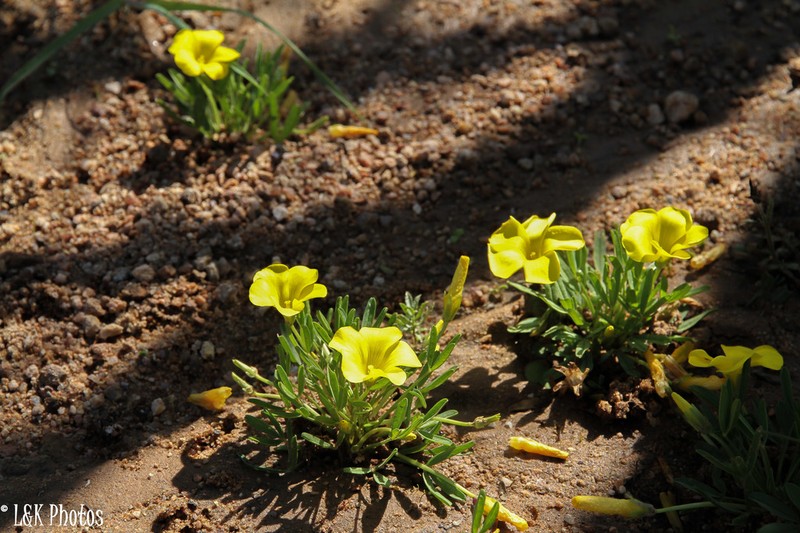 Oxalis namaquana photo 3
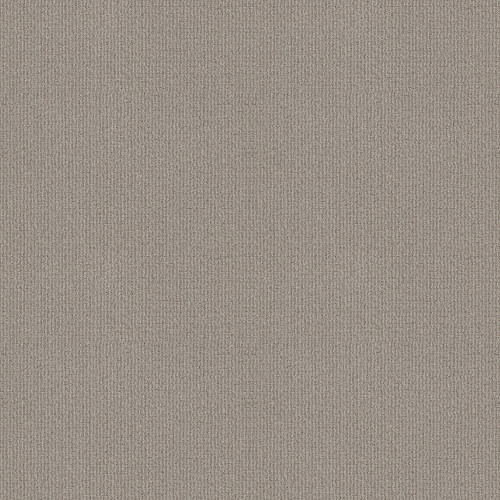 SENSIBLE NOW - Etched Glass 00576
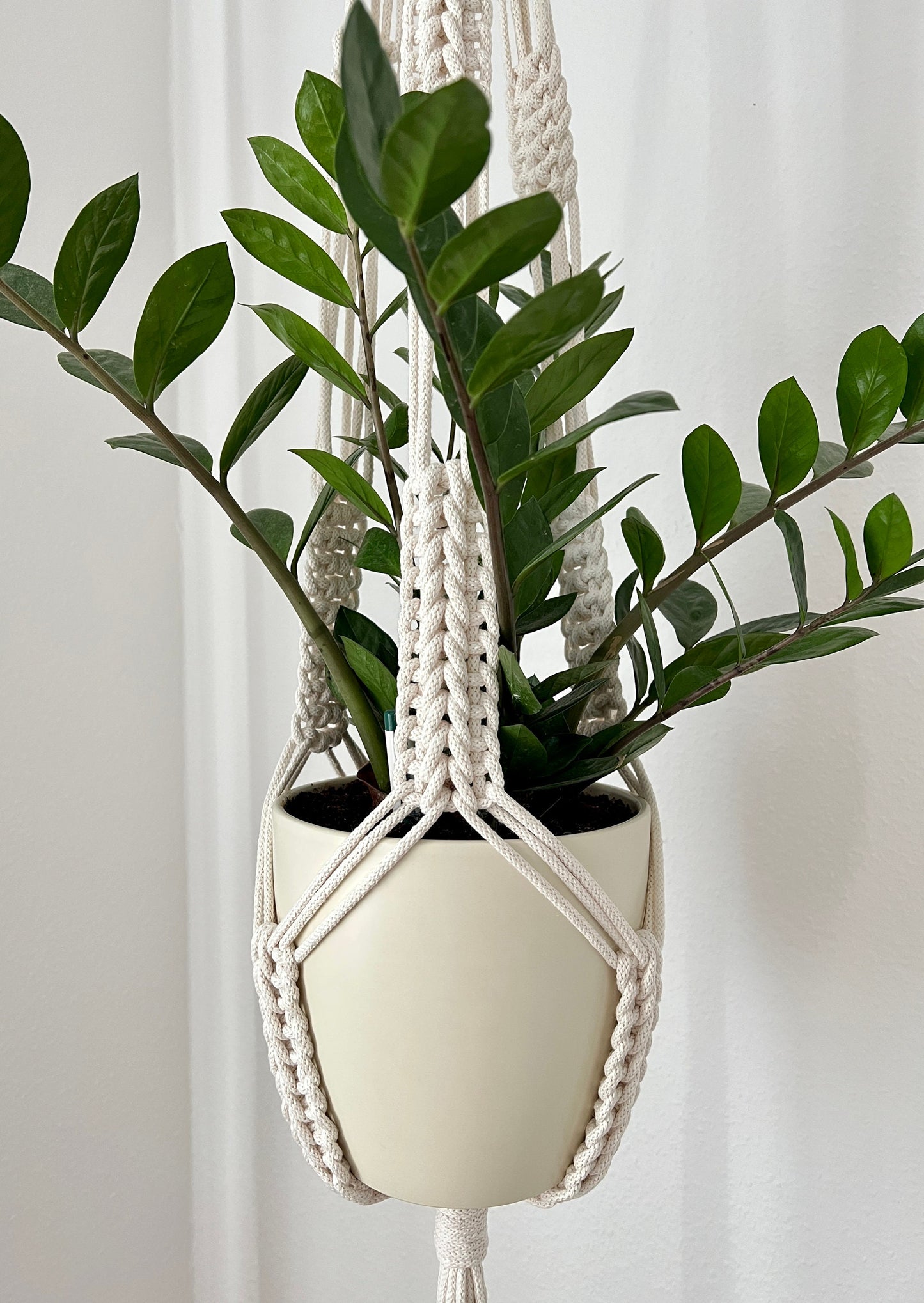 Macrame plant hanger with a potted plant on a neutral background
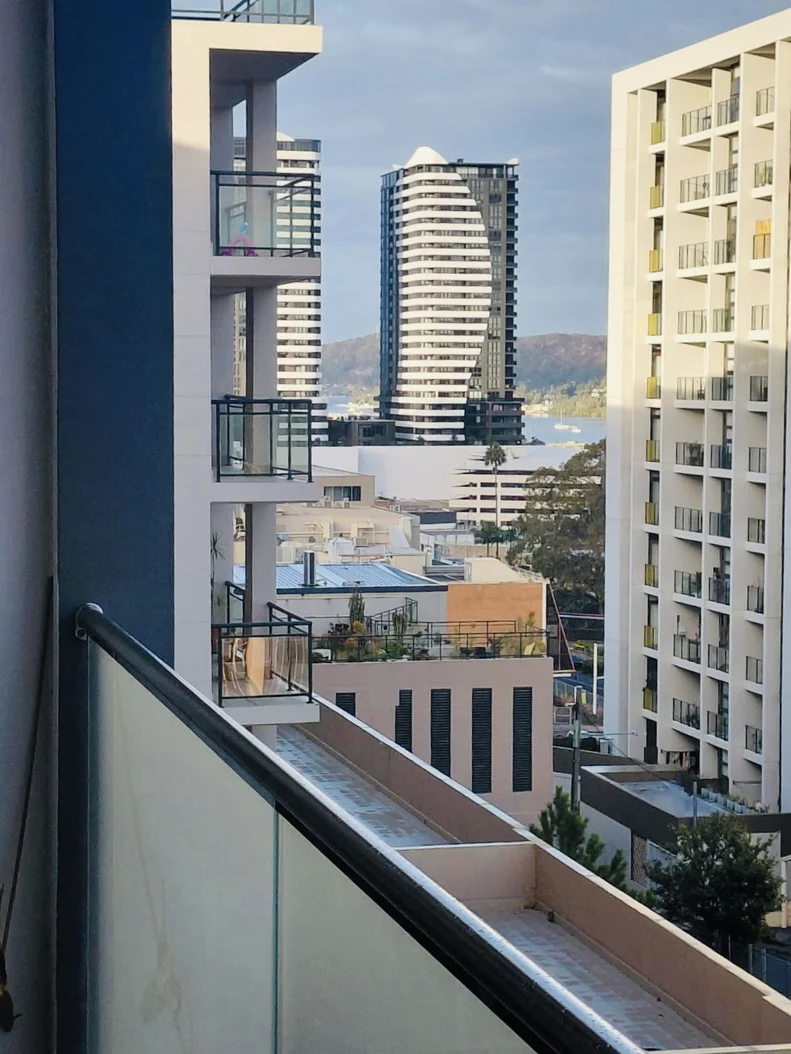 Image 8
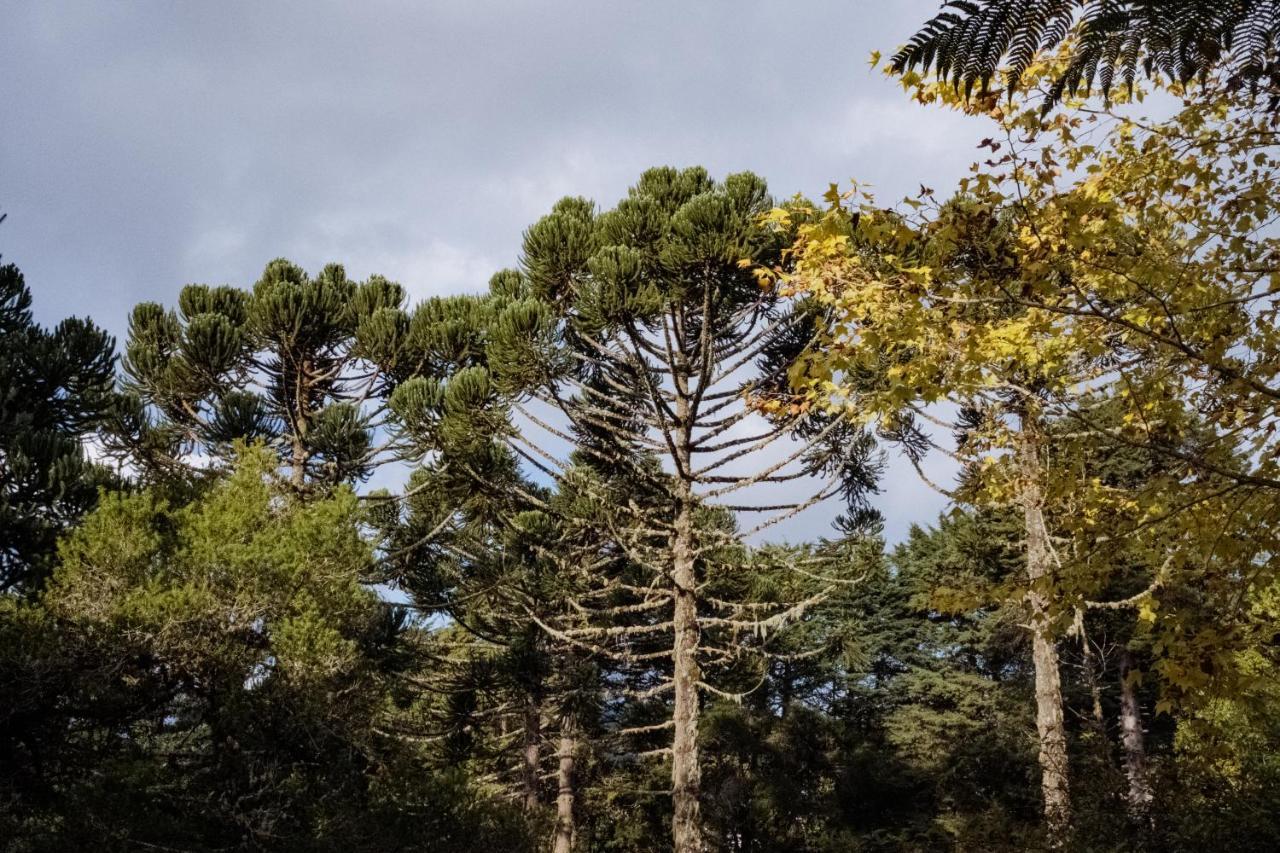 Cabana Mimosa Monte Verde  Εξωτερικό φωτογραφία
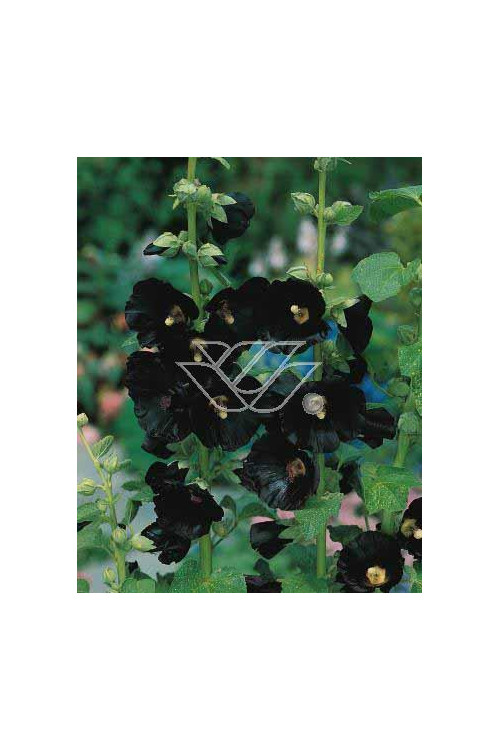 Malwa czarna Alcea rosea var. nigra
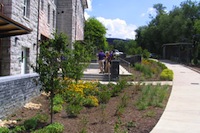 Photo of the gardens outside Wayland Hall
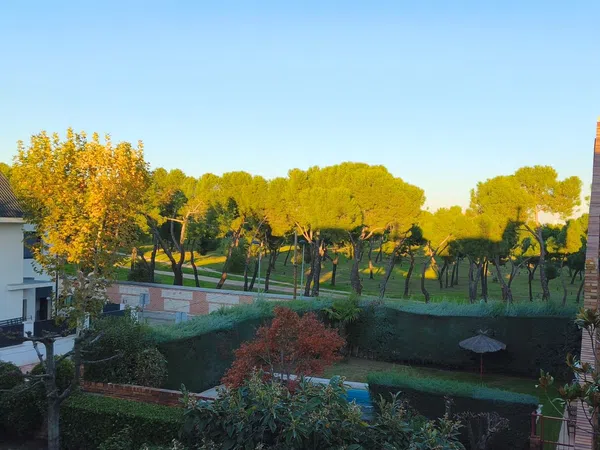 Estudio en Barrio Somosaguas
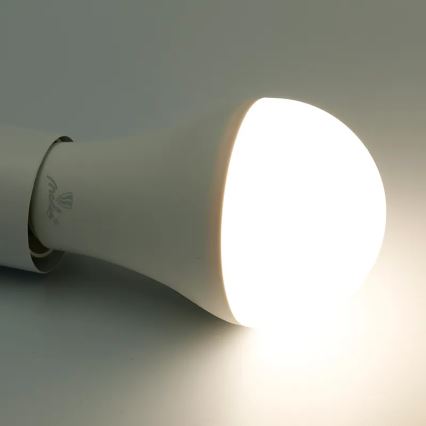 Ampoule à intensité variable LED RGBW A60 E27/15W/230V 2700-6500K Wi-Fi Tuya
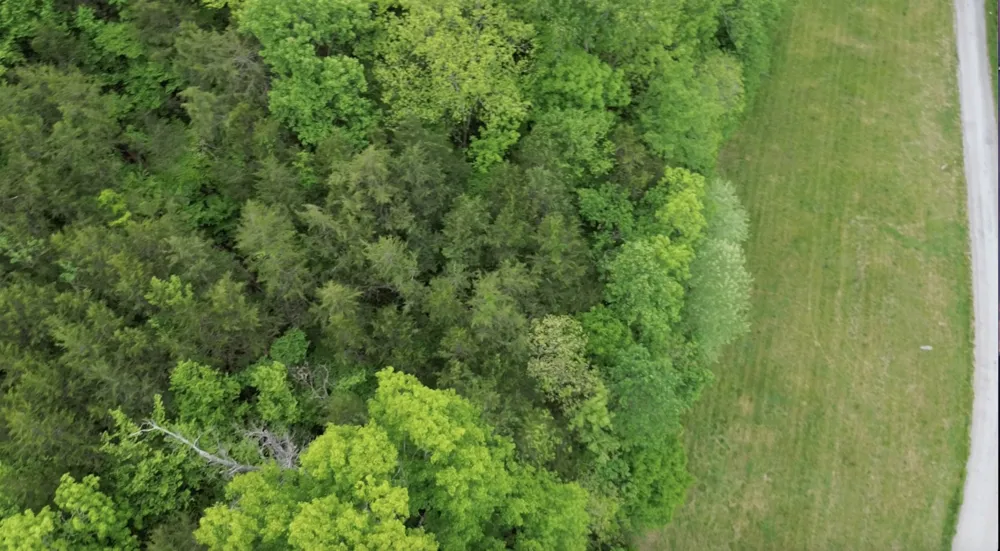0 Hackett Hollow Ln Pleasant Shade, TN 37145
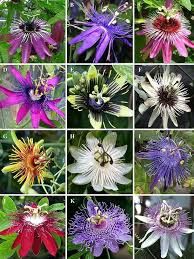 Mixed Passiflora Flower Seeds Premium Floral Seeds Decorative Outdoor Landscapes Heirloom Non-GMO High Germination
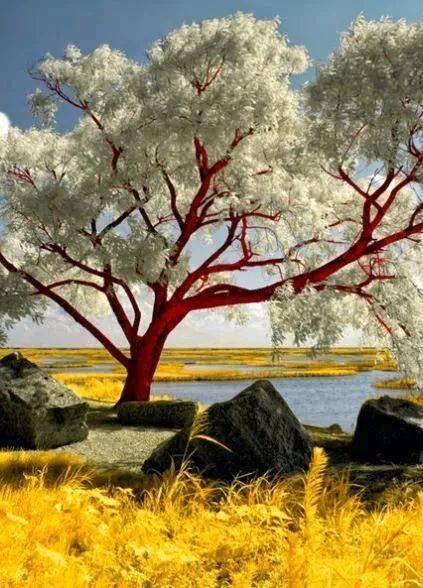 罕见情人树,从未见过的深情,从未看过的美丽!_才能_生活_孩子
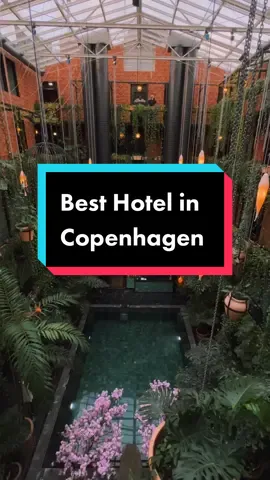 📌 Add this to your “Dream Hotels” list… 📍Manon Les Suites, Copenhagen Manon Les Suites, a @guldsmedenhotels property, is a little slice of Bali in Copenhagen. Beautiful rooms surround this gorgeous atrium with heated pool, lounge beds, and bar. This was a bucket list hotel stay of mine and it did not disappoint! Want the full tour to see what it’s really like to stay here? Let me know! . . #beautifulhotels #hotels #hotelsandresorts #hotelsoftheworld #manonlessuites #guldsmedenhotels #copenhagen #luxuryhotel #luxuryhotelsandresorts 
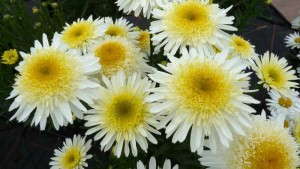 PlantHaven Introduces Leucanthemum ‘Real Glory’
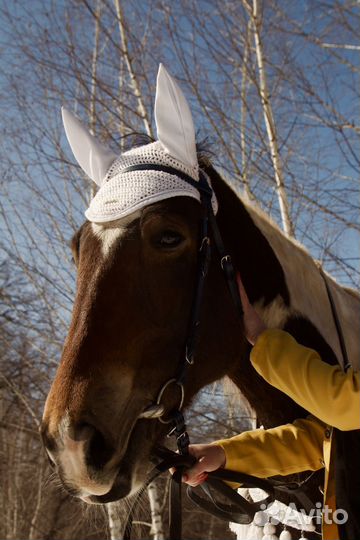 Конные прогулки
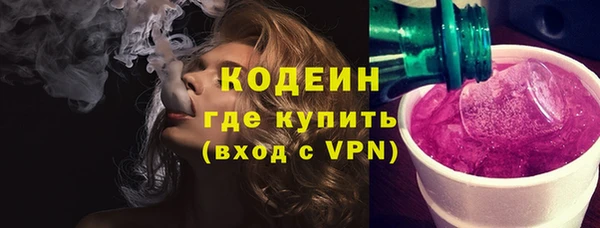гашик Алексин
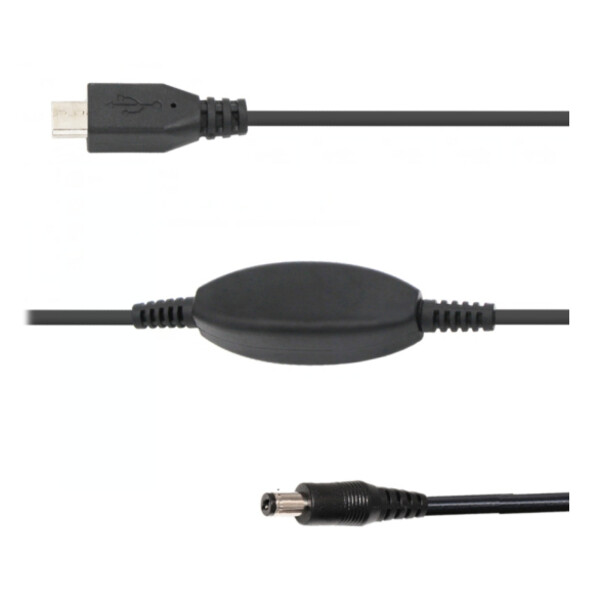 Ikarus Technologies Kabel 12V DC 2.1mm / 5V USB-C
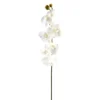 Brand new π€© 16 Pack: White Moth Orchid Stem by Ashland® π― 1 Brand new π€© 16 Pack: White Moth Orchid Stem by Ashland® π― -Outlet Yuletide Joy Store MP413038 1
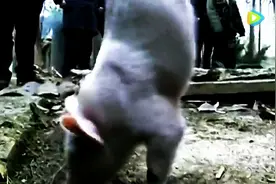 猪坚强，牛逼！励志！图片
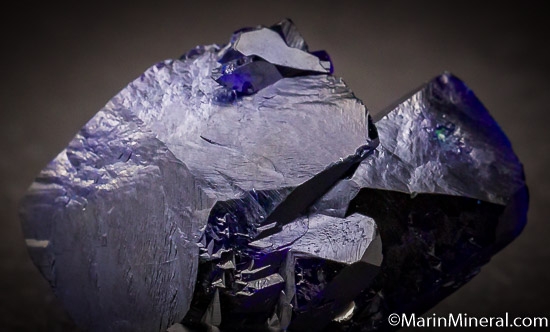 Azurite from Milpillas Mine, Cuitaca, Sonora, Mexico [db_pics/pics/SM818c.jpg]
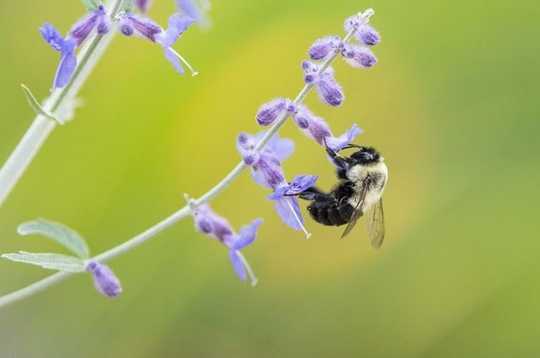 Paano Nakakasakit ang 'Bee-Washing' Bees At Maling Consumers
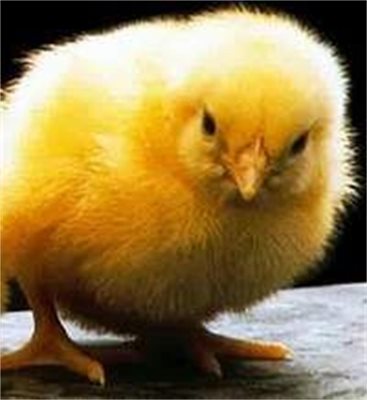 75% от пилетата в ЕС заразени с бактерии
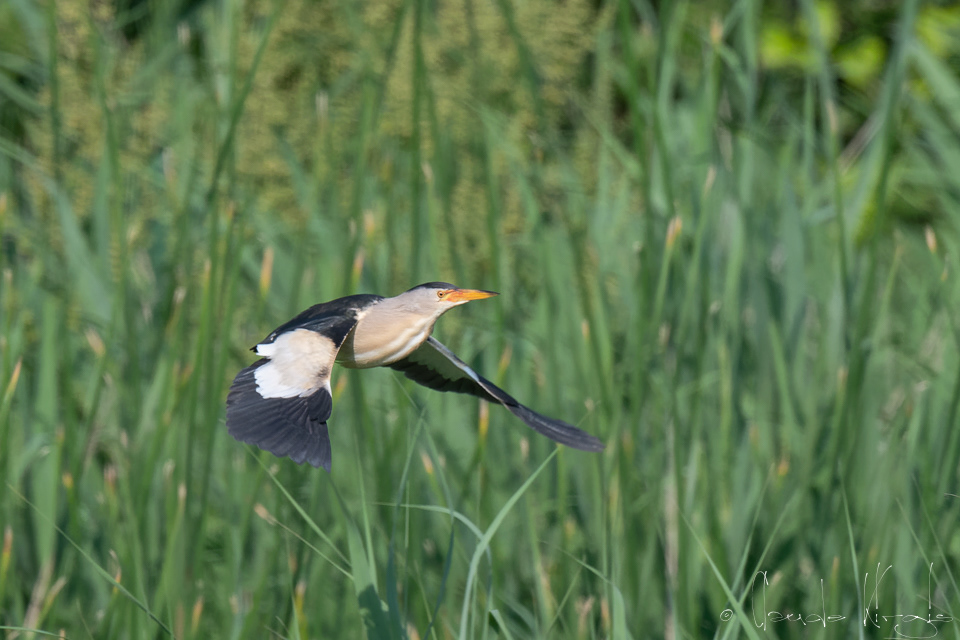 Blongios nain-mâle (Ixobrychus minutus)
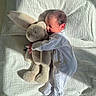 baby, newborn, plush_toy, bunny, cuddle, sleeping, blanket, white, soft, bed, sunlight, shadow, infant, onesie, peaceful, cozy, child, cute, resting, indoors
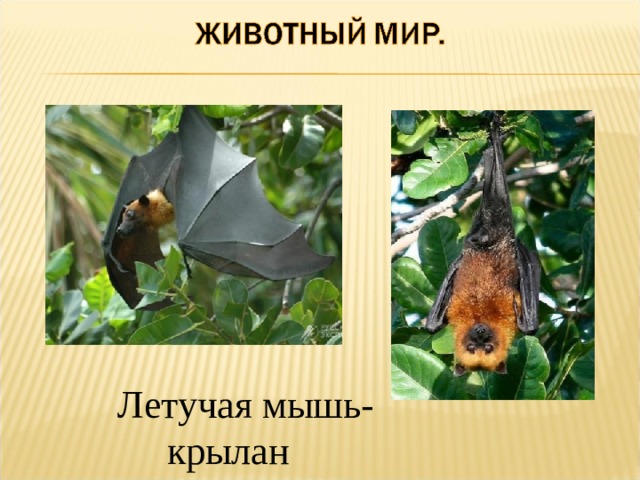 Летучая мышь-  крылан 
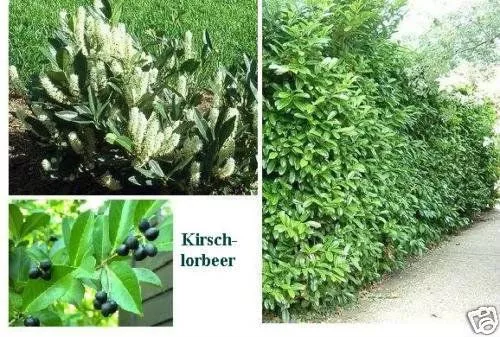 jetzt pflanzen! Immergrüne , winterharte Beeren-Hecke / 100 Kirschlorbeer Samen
————
**Aim of the exercise**: In the listing above, find the line containing "罕见情人树,从未见过的深情,从未看过的美丽!_才能_生活_孩子" and the line containing "cute, resting, indoors". Reproduce those lines and all between them exactly, with no pictures and nothing more.

**Answer space**:
 罕见情人树,从未见过的深情,从未看过的美丽!_才能_生活_孩子
 📌 Add this to your “Dream Hotels” list… 📍Manon Les Suites, Copenhagen Manon Les Suites, a @guldsmedenhotels property, is a little slice of Bali in Copenhagen. Beautiful rooms surround this gorgeous atrium with heated pool, lounge beds, and bar. This was a bucket list hotel stay of mine and it did not disappoint! Want the full tour to see what it’s really like to stay here? Let me know! . . #beautifulhotels #hotels #hotelsandresorts #hotelsoftheworld #manonlessuites #guldsmedenhotels #copenhagen #luxuryhotel #luxuryhotelsandresorts 
 PlantHaven Introduces Leucanthemum ‘Real Glory’
 Конные прогулки
гашик Алексин
 Ikarus Technologies Kabel 12V DC 2.1mm / 5V USB-C
 Brand new π€© 16 Pack: White Moth Orchid Stem by Ashland® π― 1 Brand new π€© 16 Pack: White Moth Orchid Stem by Ashland® π― -Outlet Yuletide Joy Store MP413038 1
 猪坚强，牛逼！励志！图片
 Azurite from Milpillas Mine, Cuitaca, Sonora, Mexico [db_pics/pics/SM818c.jpg]
 Paano Nakakasakit ang 'Bee-Washing' Bees At Maling Consumers
 75% от пилетата в ЕС заразени с бактерии
 Blongios nain-mâle (Ixobrychus minutus)
 baby, newborn, plush_toy, bunny, cuddle, sleeping, blanket, white, soft, bed, sunlight, shadow, infant, onesie, peaceful, cozy, child, cute, resting, indoors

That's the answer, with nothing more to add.